With the activities mostly scheduled for Friday, trade, Canada’s meagre defence spending, and a prospective international force to manage troubled Haiti are expected to be on the agenda.
As Biden went north, news broke of a deal to crack down on unauthorised migration by asylum seekers transiting through the US into Canada, which had been another contentious topic in the otherwise cordial relationship.
According to The New York Times and the Los Angeles Times, Canada will be able to stop illegal migrants at the Roxham Road crossing point on the frontier between New York state and Quebec.
The flow of migrants there has been a source of irritation in domestic Canadian politics, much as it is in Washington concerning illegal entries across the US-Mexico border.
The reports said that Canada has agreed in return to take in some 15,000 asylum seekers from Latin America through legal channels, a move that will ease the pressure on the southern US border.
But as Biden and his wife First Lady Jill Biden arrived at Trudeau’s home Thursday evening for dinner, the president declined to answer a reporter’s question on the deal.
He then accompanied the prime minister and his wife Sophie Gregoire Trudeau inside.
Earlier, Press Secretary Karine Jean-Pierre would not confirm the news but said “we will hear more about it from the president and the prime minister tomorrow.”
Ahead of the visit, the two sides stressed their close integration.
“I think that’s going to be the theme of this visit, that we are there making each other stronger and better,” Canada’s ambassador to the United States, Kirsten Hillman, told CBC.
But only modest, if any, progress is expected on tensions over Biden’s Inflation Reduction Act — a massive programme to subsidise and kickstart US-based development of electric vehicles and other clean energy products.

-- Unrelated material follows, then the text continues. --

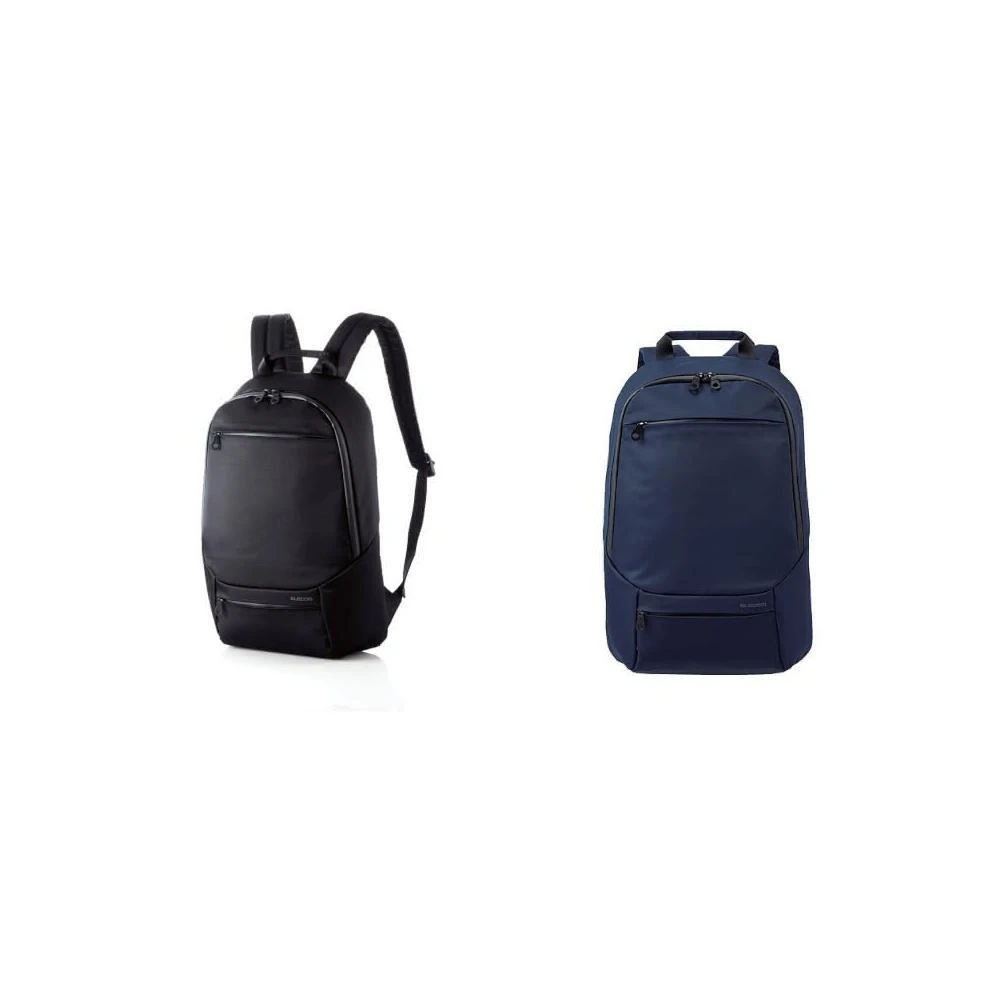 【ELECOM】抗菌電腦後背包 15.6吋-黑/藍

‘We are looking for more inclusion in exactly those things,’ a senior Canadian government official told reporters.
‘We want a North America that is globally competitive, so that our two economies which are already so integrated, where so many businesses and jobs and supply chains rely on each other, can compete with the world and can be successful together.’
Another expected item on the agenda is the financing of the neighbours’ mutual defence pacts, both as members of NATO and their joint air defence system for North America, named NORAD.
Africa Today News, New York reports that the US government has been pressuring Canada to increase its defence spending, which in 2022 was just 1.33 percent of GDP. This is scheduled to rise to 1.59 percent from 2026 but that’s still well below the NATO alliance requirement of minimum two percent of GDP spending.